Public IP addresses in Azure - Time & Space Complexity
When creating public IP addresses in Azure, it's important to understand how the time to complete this task changes as you create more addresses.
We want to know: how does the number of public IPs affect the total time and operations needed?
Analyze the time complexity of the following operation sequence.
// Create multiple public IP addresses in Azure
for (int i = 0; i < n; i++) {
var publicIp = new PublicIPAddress($"publicIp-{i}")
.WithRegion("eastus")
.WithExistingResourceGroup("myResourceGroup")
.WithDynamicIP()
.Create();
}
This sequence creates n public IP addresses one after another in a specified resource group and region.
Identify the API calls, resource provisioning, data transfers that repeat.
- Primary operation: Creating a single public IP address resource via Azure API.
- How many times: Exactly n times, once per public IP address.
Each new public IP requires a separate creation call, so the total work grows directly with the number of IPs.

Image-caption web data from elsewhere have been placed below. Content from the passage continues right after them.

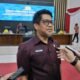 Wakil Ketua DPRD Gowa, Hasrul Abdul Rajab saat konfirmasi usai Rapat Paripurna diskors, (Foto/TerasKota).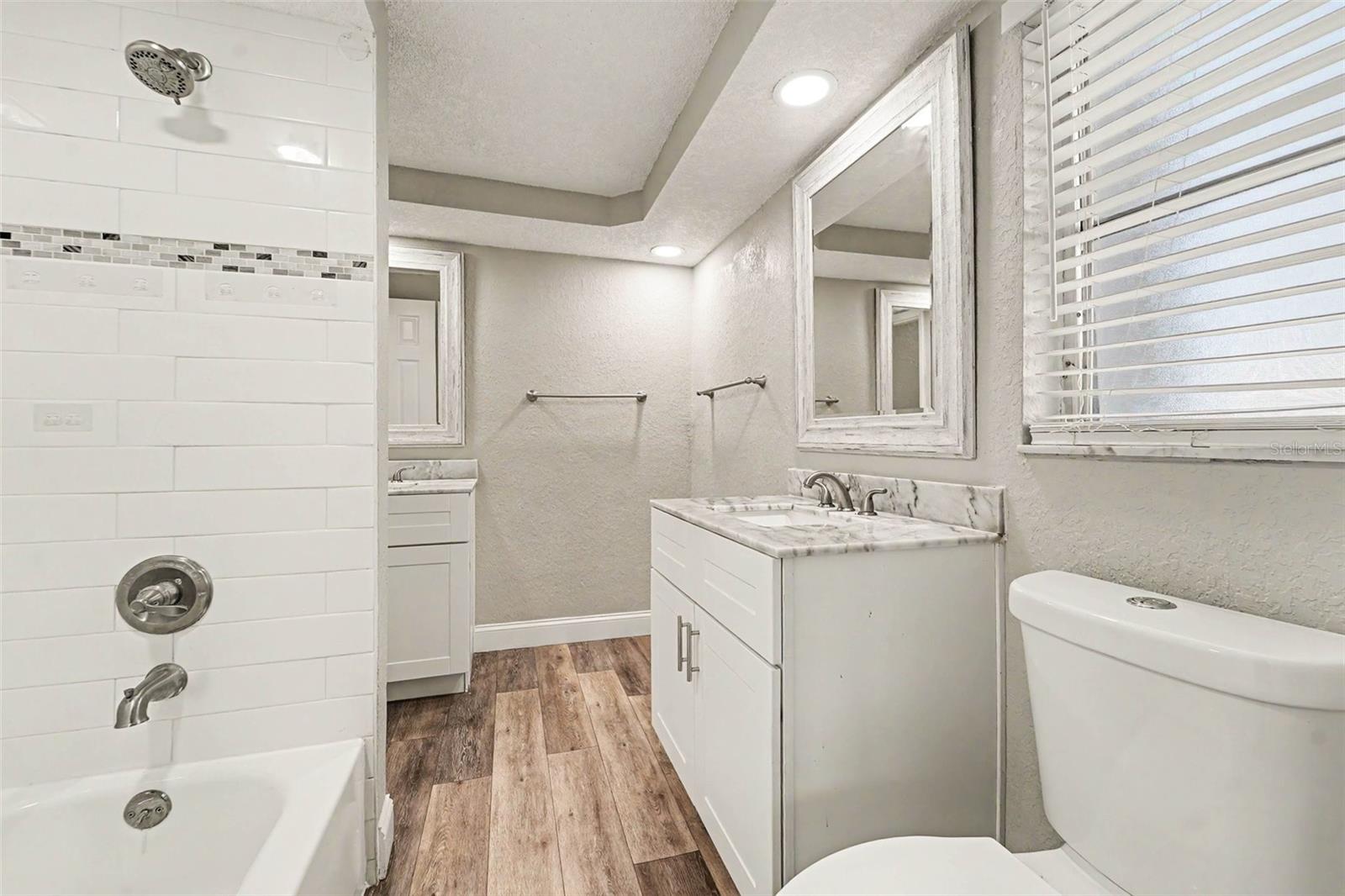 3207 SALISBURY DR — photo 15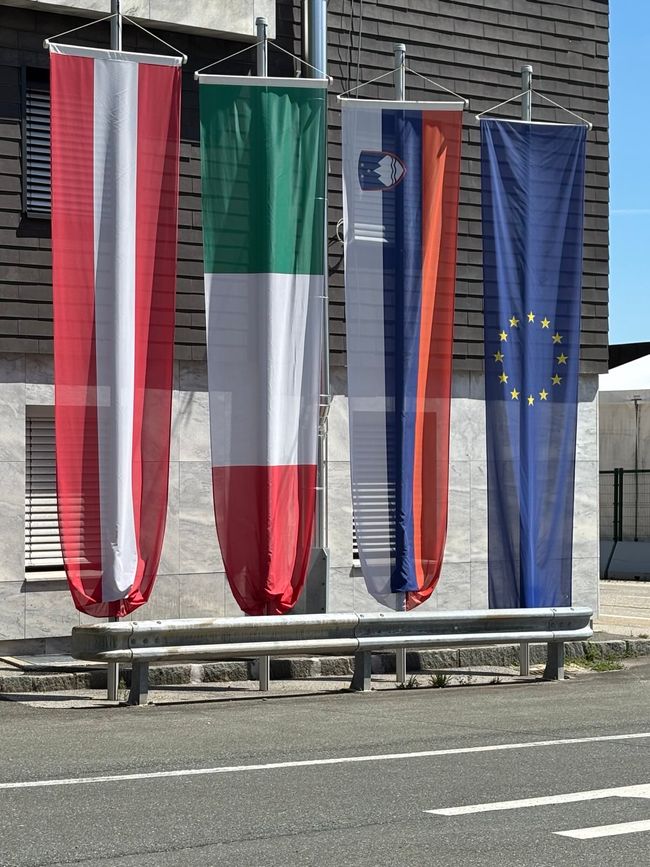 Tour attraverso tre paesi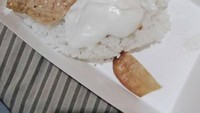 Mungkin maksudnya ingin menyajikan steak ayam dengan pelengkap nasi dan telur rebus. Tetapi ketika diterima oleh pelanggannya, makanan ini justru tampak pucat dan sama sekali tak menggugah selera. Foto: Instagram/humorsantuy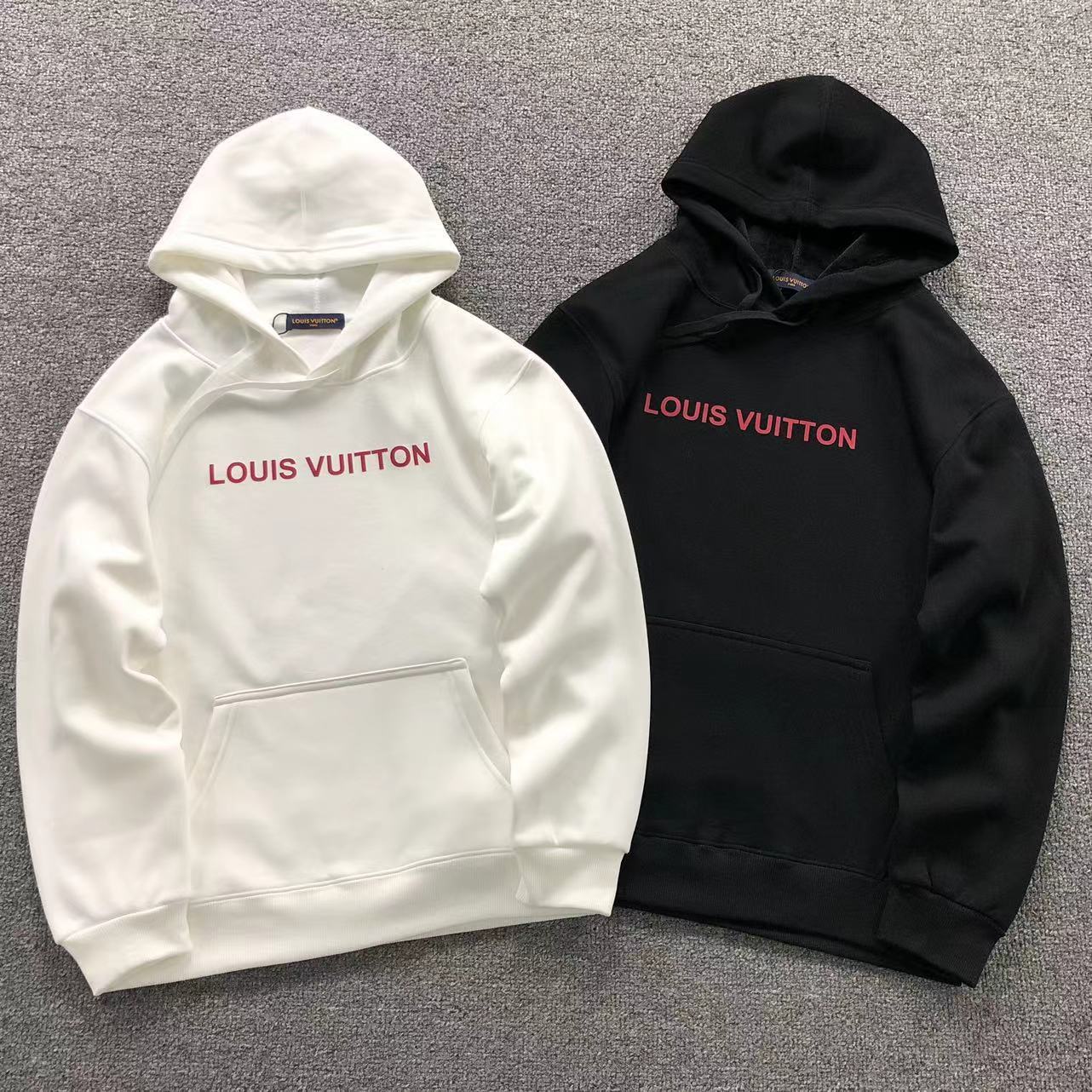 MOLETOM CANGURU Louis Vuitton Signature Classic — frente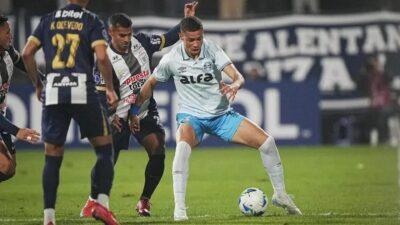 Grêmio perde para Alianza Lima e complica vaga na Sul-Americana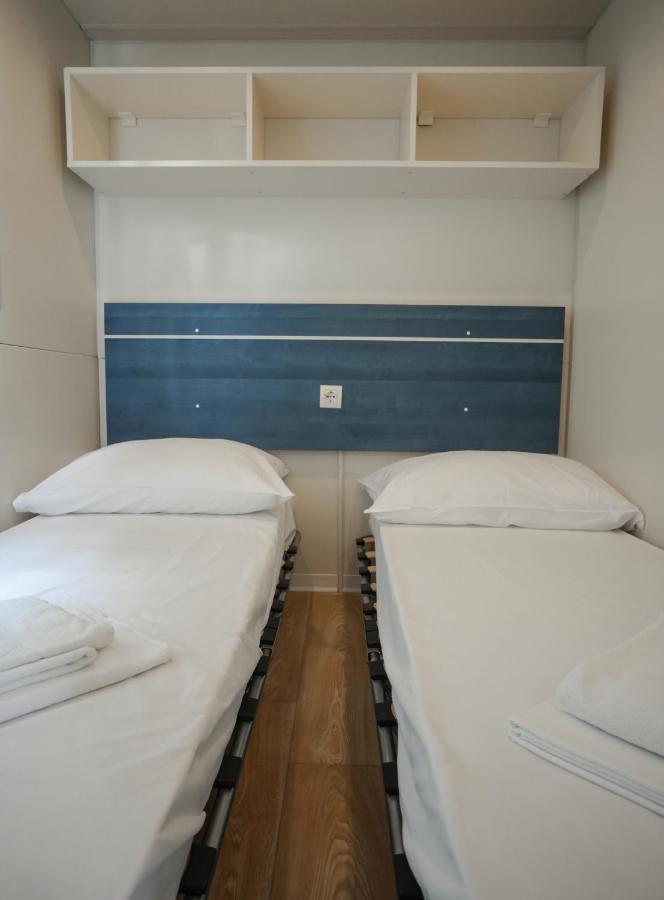 Mediteran Travel Mobile Homes Uvala Slana Selce Exterior foto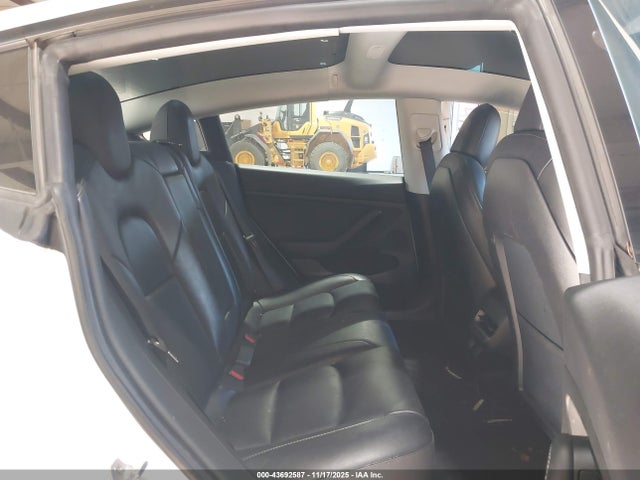 2023 TESLA MODEL 3 5YJ3E1EA5PF402940 Photo 7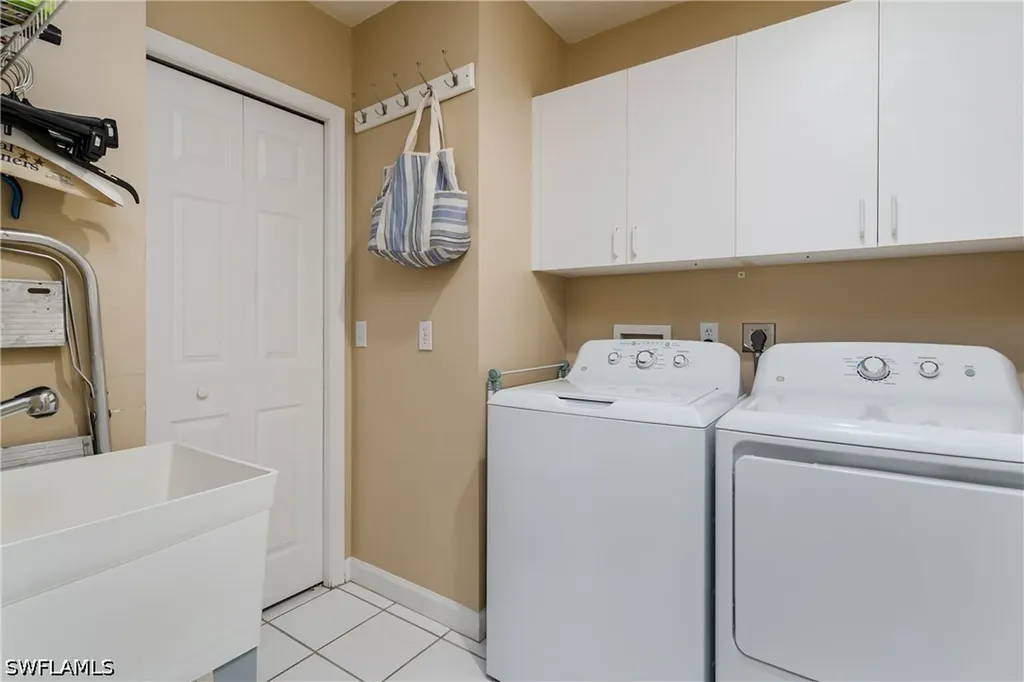 6570 Beach Resort Drive Naples FL 34114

| Input Size (n) | Approx. API Calls/Operations |
|---|---|
| 10 | 10 |
| 100 | 100 |
| 1000 | 1000 |
Pattern observation: Doubling the number of IPs doubles the number of API calls and total time roughly.
Time Complexity: O(n)
This means the time to create public IP addresses grows linearly with how many you create.
[X] Wrong: "Creating multiple public IPs happens all at once, so time stays the same no matter how many I create."
[OK] Correct: Each public IP creation is a separate call and provisioning step, so more IPs mean more total time.
Understanding how resource creation scales helps you design efficient cloud deployments and estimate wait times realistically.
What if we created all public IP addresses in parallel instead of one after another? How would the time complexity change?